As was in the case of Deutsche Telekom, the origin of the lost records seems to be some smaller call centers. Wirtschaftswoche blames excessive outsourcing by big telcos and media companies in the past.

To optimize the business, hotlines and customer service are outsourced to smaller, cheaper call centers. Some of the heavily underpaid employees of those call centers do collect the data given, augment it with what has come out of the interaction with the customer and sell it to some data merchants. The data merchants sell the data to other data merchants. The latter will acquire data from different sources, aggregate and clean out. This way, a huge amount of data has accumulated and is now offered for sale in the market.

Issues

This case raises the issue of data governance. There are no accompanying measures to safeguard, audit or otherwise remain in control of the data. Now how does a data controller remain in control in outsourcing scenarios? This question hasn't been resolved so far, so the media is suggesting to abandon the outsourcing strategies by big companies.

Possible Remedies

In 2003, Pearson, Casassa-Mont & Bramhall proposed a paper on Accountable Management of Identity and Privacy: Sticky Policies and Enforceable Tracing Services. This uses Trusted Computing Technologies to enforce the data handling by the company outsourcing work that needs access to certain personal data.

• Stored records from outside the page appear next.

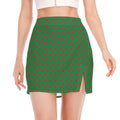 Green And Red Polka Dot Pattern Print Side Slit Mini Skirt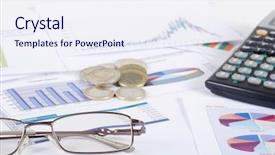  Presentation with workplace - Presentation theme enhanced with figures coins balancing - graphs charts business table background and a sky blue colored foreground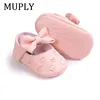 PU Leather Embroidery Love Big Bow Baby Princess Shoes Prewalkers Soft Bottom Boots Cute Newborn Babies Wedding Party Shoes 4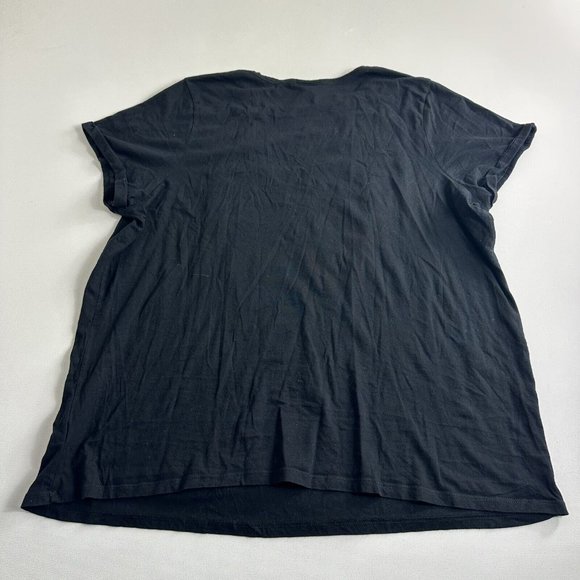 Torrid Shirt Women 3 Black Red Floral Graphic Destroyed Front Choker Neck Tee - Picture 2 of 9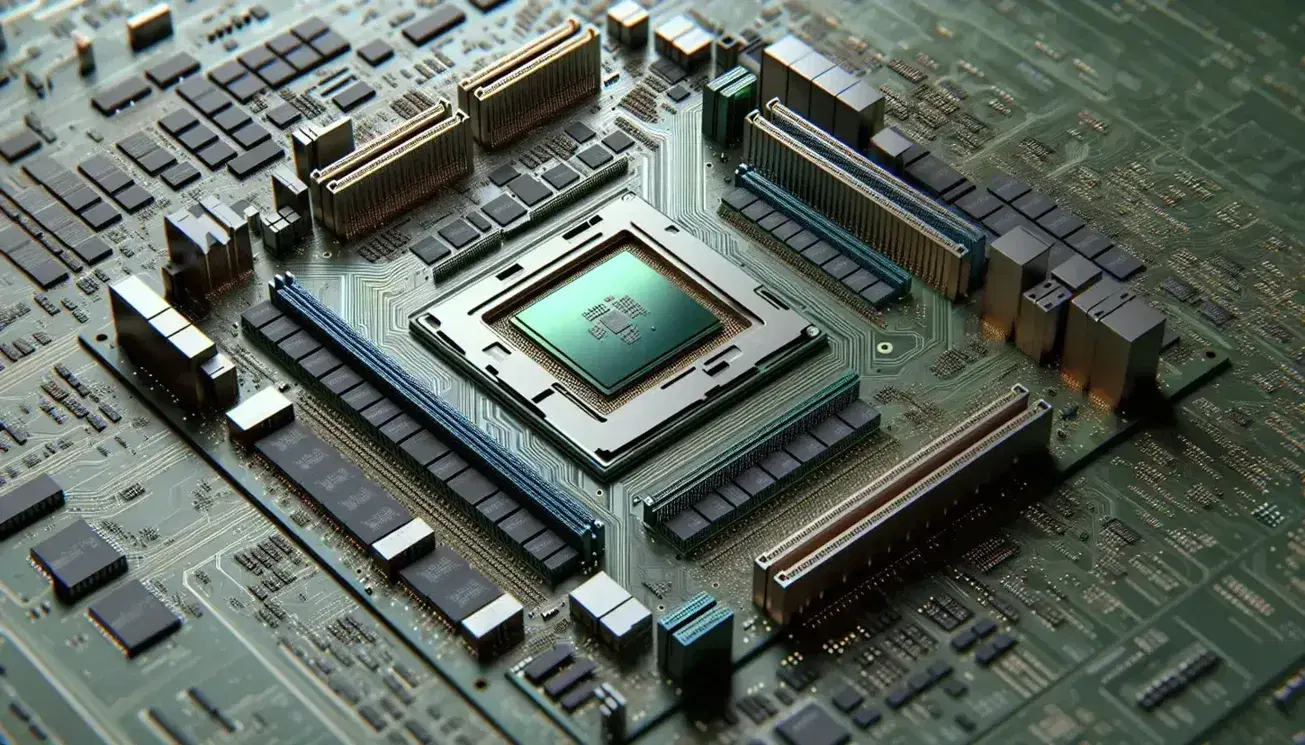 Close-up of a motherboard with silver CPU in the center, black memory modules, system bus and various electronic components on green circuit board.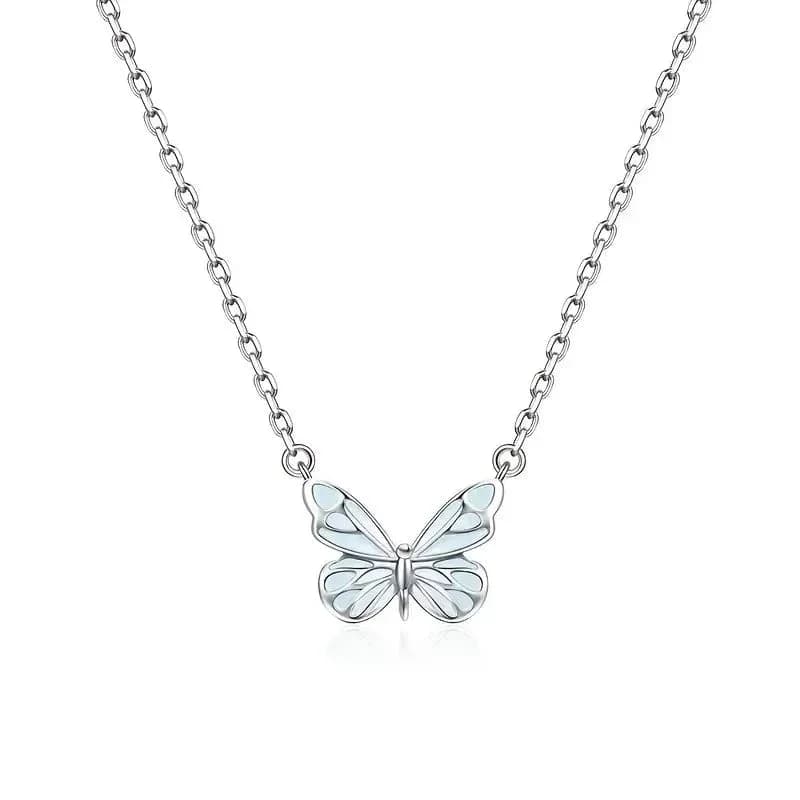 Luminous Blue Butterfly Necklace — view 1 Luminous Blue Butterfly Necklace — view 1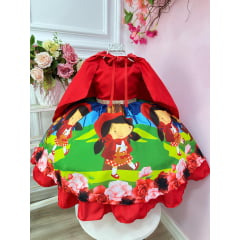 Vestido Infantil Chapeuzinho Vermelho Floral com Capuz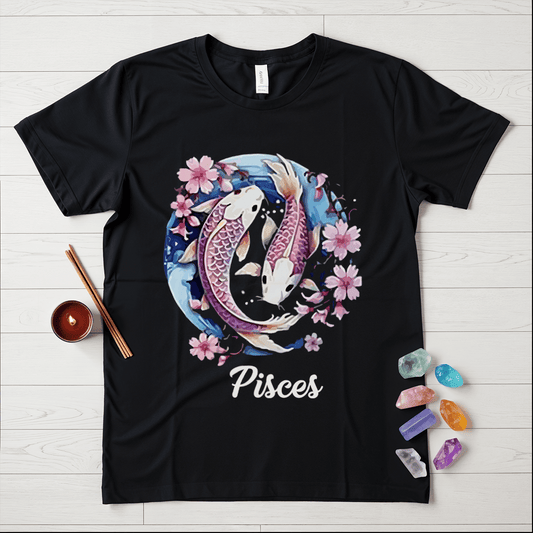 Pisces Symbol Floral T-Shirt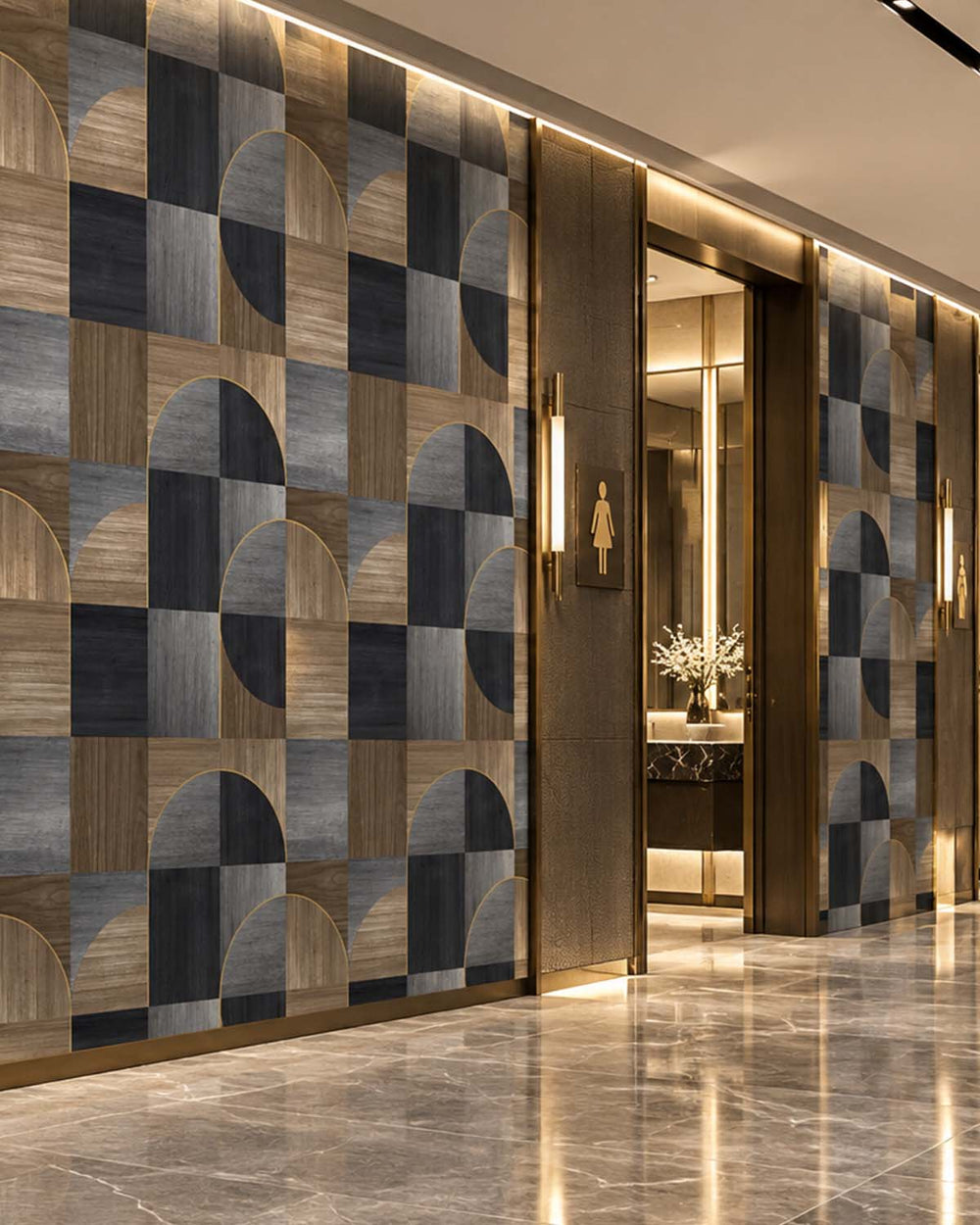 Blue Charcoal Geometric Wood Inlay  Residential Mural RM9226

Added by Rigo Wenning: 08 December 2008 ==

Privacy friendly data analysis

The MIT senseable city lab made an analysis of the crowd and their communications during the inauguration of US President Obama. It is remarkable that they used EU data protection standards:

The data analyzed consists of hourly counts of mobile phone calls served in Washington, D.C. and includes the origin of the phones involved in the calls. To ensure the complete privacy of the mobile customers, analyses are performed in compliance with the 2002 Directive of the European Parliament and Council on Privacy. The use of aggregate call data implies that at no time can individual users be identified. As a comparison, consider information about highway traffic: we know how many cars from each state are traveling at any given time, but we do not know the license plate number or the individuals driving.